Short descriptive text snippets:
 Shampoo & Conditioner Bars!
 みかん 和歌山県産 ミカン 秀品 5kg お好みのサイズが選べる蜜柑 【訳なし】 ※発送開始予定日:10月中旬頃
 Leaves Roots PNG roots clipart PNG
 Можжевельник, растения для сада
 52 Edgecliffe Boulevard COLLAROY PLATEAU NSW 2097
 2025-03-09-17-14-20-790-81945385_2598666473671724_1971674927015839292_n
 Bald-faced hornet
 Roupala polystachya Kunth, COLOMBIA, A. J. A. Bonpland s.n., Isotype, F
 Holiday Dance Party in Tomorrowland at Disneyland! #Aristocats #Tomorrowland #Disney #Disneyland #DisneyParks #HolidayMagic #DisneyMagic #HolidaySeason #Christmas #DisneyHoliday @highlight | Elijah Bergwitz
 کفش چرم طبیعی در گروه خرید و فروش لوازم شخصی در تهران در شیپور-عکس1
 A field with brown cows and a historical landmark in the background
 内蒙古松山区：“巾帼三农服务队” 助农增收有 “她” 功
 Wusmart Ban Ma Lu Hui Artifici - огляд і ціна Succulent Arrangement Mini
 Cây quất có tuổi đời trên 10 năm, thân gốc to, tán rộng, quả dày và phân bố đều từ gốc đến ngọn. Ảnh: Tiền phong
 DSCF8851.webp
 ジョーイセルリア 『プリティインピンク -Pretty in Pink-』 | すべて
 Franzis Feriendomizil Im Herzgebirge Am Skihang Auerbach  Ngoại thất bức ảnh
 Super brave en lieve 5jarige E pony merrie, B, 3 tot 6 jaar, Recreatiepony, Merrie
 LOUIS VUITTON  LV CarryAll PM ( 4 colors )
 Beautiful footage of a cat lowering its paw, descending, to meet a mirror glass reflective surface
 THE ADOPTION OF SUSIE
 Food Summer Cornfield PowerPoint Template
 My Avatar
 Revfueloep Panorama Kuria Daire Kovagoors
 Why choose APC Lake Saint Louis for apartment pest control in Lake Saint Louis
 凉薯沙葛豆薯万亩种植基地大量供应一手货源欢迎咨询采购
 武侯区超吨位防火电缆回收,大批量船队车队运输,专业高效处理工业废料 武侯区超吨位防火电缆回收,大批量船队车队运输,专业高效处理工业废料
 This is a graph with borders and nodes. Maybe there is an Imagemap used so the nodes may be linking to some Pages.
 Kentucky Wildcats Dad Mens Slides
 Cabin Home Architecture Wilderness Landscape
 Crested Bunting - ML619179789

> **What you are asked to do**:
Reproduce all the entries above. Match them exactly.

> **Response below**:
 Shampoo & Conditioner Bars!
 みかん 和歌山県産 ミカン 秀品 5kg お好みのサイズが選べる蜜柑 【訳なし】 ※発送開始予定日:10月中旬頃
 Leaves Roots PNG roots clipart PNG
 Можжевельник, растения для сада
 52 Edgecliffe Boulevard COLLAROY PLATEAU NSW 2097
 2025-03-09-17-14-20-790-81945385_2598666473671724_1971674927015839292_n
 Bald-faced hornet
 Roupala polystachya Kunth, COLOMBIA, A. J. A. Bonpland s.n., Isotype, F
 Holiday Dance Party in Tomorrowland at Disneyland! #Aristocats #Tomorrowland #Disney #Disneyland #DisneyParks #HolidayMagic #DisneyMagic #HolidaySeason #Christmas #DisneyHoliday @highlight | Elijah Bergwitz
 کفش چرم طبیعی در گروه خرید و فروش لوازم شخصی در تهران در شیپور-عکس1
 A field with brown cows and a historical landmark in the background
 内蒙古松山区：“巾帼三农服务队” 助农增收有 “她” 功
 Wusmart Ban Ma Lu Hui Artifici - огляд і ціна Succulent Arrangement Mini
 Cây quất có tuổi đời trên 10 năm, thân gốc to, tán rộng, quả dày và phân bố đều từ gốc đến ngọn. Ảnh: Tiền phong
 DSCF8851.webp
 ジョーイセルリア 『プリティインピンク -Pretty in Pink-』 | すべて
 Franzis Feriendomizil Im Herzgebirge Am Skihang Auerbach  Ngoại thất bức ảnh
 Super brave en lieve 5jarige E pony merrie, B, 3 tot 6 jaar, Recreatiepony, Merrie
 LOUIS VUITTON  LV CarryAll PM ( 4 colors )
 Beautiful footage of a cat lowering its paw, descending, to meet a mirror glass reflective surface
 THE ADOPTION OF SUSIE
 Food Summer Cornfield PowerPoint Template
 My Avatar
 Revfueloep Panorama Kuria Daire Kovagoors
 Why choose APC Lake Saint Louis for apartment pest control in Lake Saint Louis
 凉薯沙葛豆薯万亩种植基地大量供应一手货源欢迎咨询采购
 武侯区超吨位防火电缆回收,大批量船队车队运输,专业高效处理工业废料 武侯区超吨位防火电缆回收,大批量船队车队运输,专业高效处理工业废料
 This is a graph with borders and nodes. Maybe there is an Imagemap used so the nodes may be linking to some Pages.
 Kentucky Wildcats Dad Mens Slides
 Cabin Home Architecture Wilderness Landscape
 Crested Bunting - ML619179789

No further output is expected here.